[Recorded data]

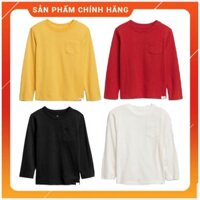 SAT01 Set 4 Áo thun GAP dài tay bé trai có túi, chất thun cotton mềm đẹp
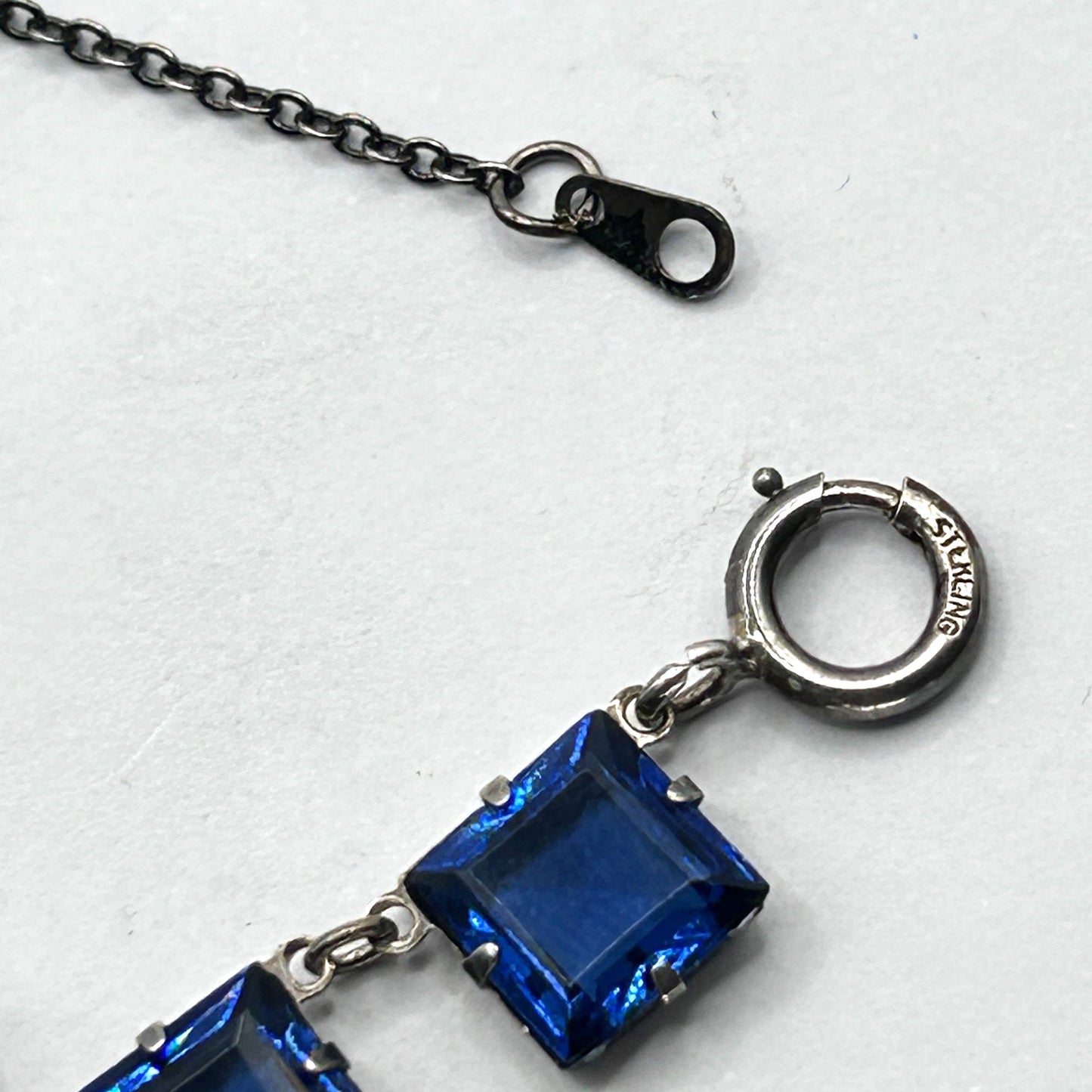 925 Sterling Silver and Blue Rhinestone Station Link Necklace 17"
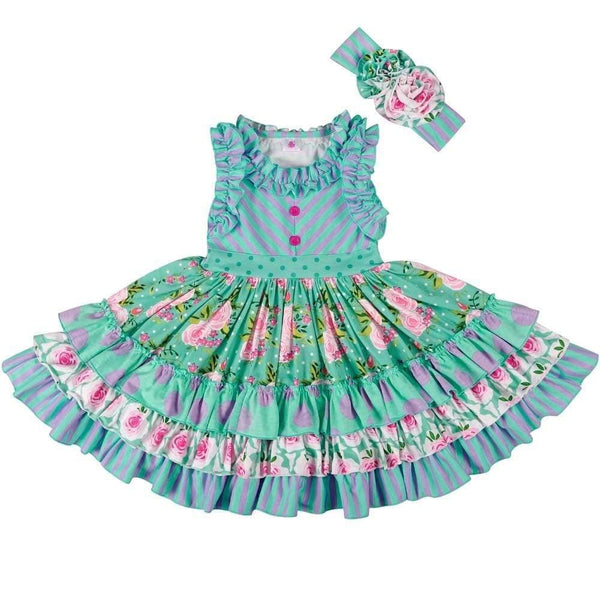 green and purple floral boho toddler dress set with ruffles and matching headband for toddlers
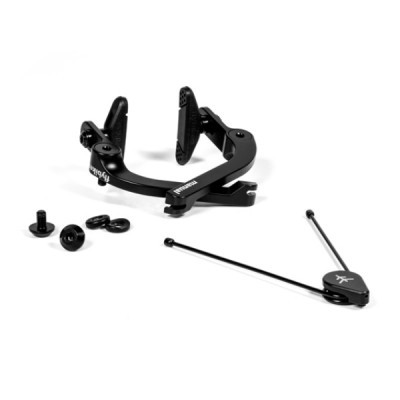 Conjunto de travões de bicicleta preto com parafusos e alavanca de comando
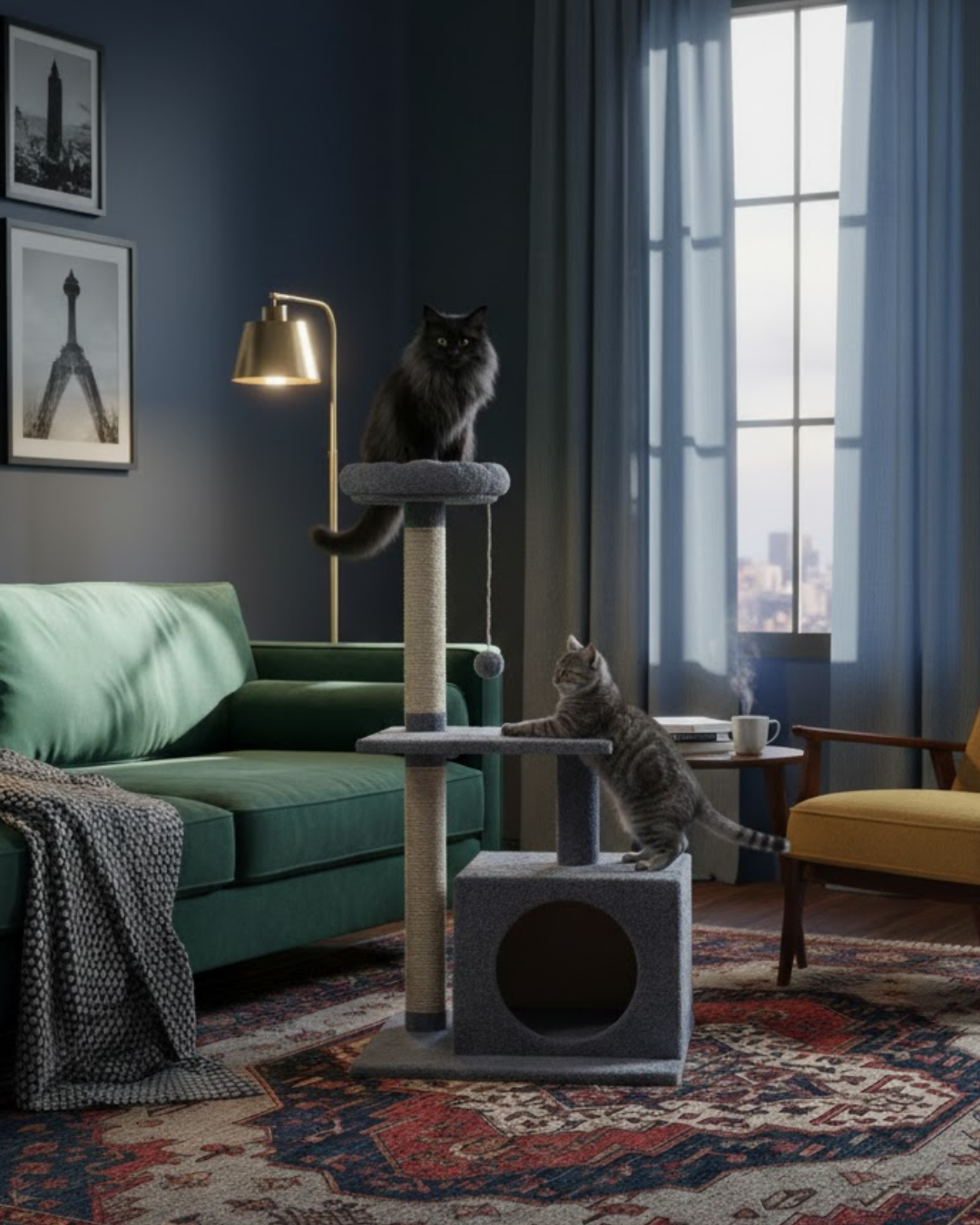 Reyo Pet Kedi Tırmalama Ve Oyun Evi Platformu Antrasit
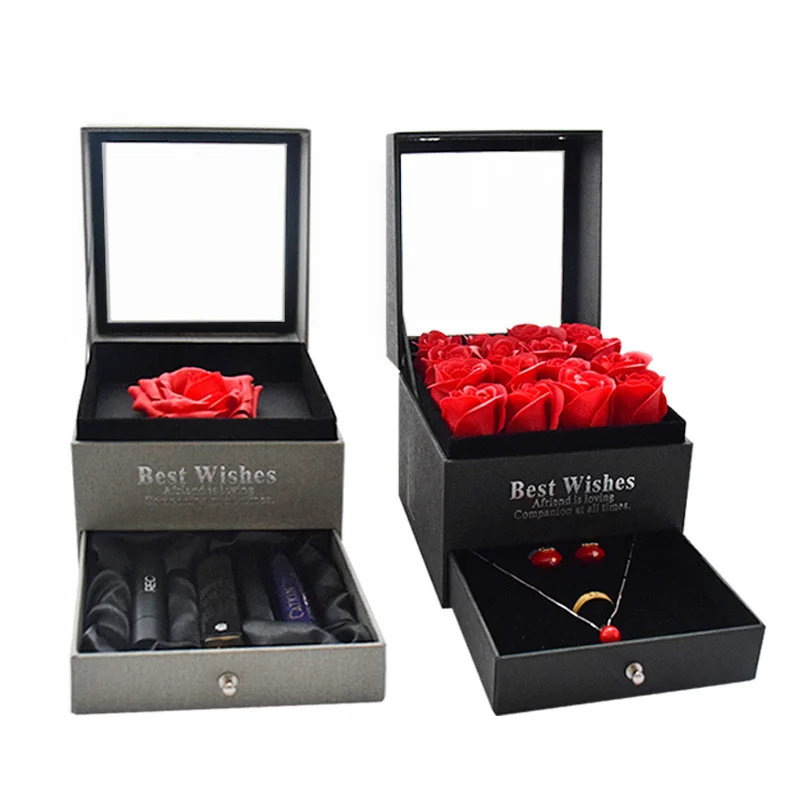product name customized drawer flower with window gift box size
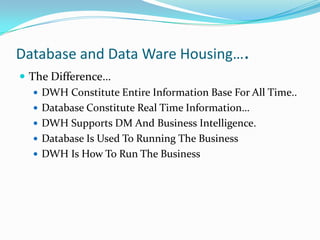 Database and Data Ware Housing….
 The Difference…
 DWH Constitute Entire Information Base For All Time..
 Database Constitute Real Time Information…
 DWH Supports DM And Business Intelligence.
 Database Is Used To Running The Business
 DWH Is How To Run The Business
 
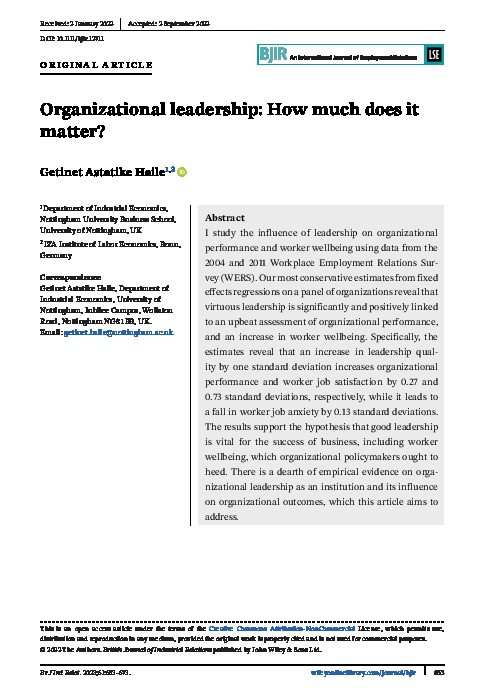 Organizational leadership: How much does it matter? Thumbnail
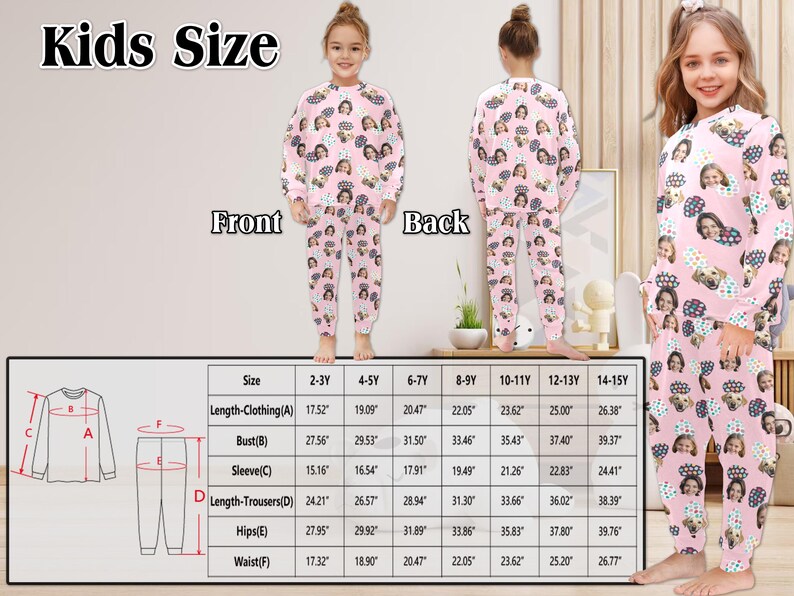 May include: Size chart for kids pajamas with a pink background and a pattern of faces. The chart shows measurements in inches for different sizes, including length, bust, sleeve, length of trousers, hips, and waist.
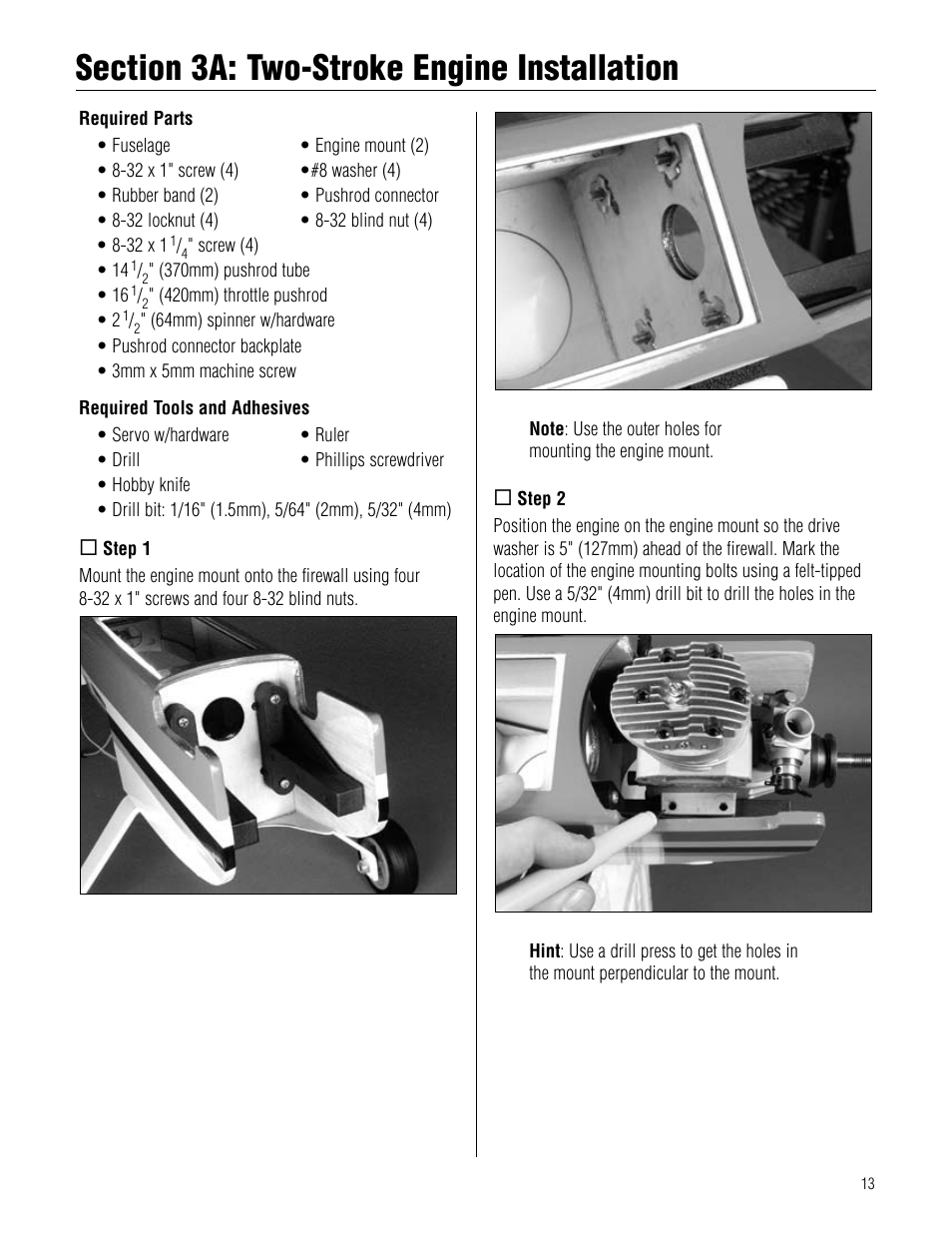 Section 3a: two-stroke engine installation, Section.3a:.two-stroke.engine.installation | Hangar 9 Twist 60 ARF User Manual | Page 13 / 28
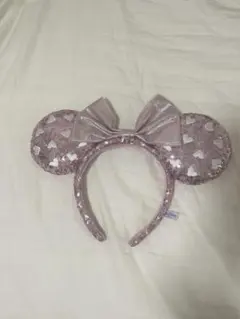 ディズニー ミニーハートスパンコールカチューシャピンク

### Task
Both ends included, copy the lines from the one holding "Conjunto de travões" to the last line of the entries exactly, with all pictures left out.

### Your solution
 Conjunto de travões de bicicleta preto com parafusos e alavanca de comando
 Reyo Pet Kedi Tırmalama Ve Oyun Evi Platformu Antrasit
product name customized drawer flower with window gift box size
 Database and Data Ware Housing….
 The Difference…
 DWH Constitute Entire Information Base For All Time..
 Database Constitute Real Time Information…
 DWH Supports DM And Business Intelligence.
 Database Is Used To Running The Business
 DWH Is How To Run The Business
 
 Organizational leadership: How much does it matter? Thumbnail
 May include: Size chart for kids pajamas with a pink background and a pattern of faces. The chart shows measurements in inches for different sizes, including length, bust, sleeve, length of trousers, hips, and waist.
 Section 3a: two-stroke engine installation, Section.3a:.two-stroke.engine.installation | Hangar 9 Twist 60 ARF User Manual | Page 13 / 28
 ディズニー ミニーハートスパンコールカチューシャピンク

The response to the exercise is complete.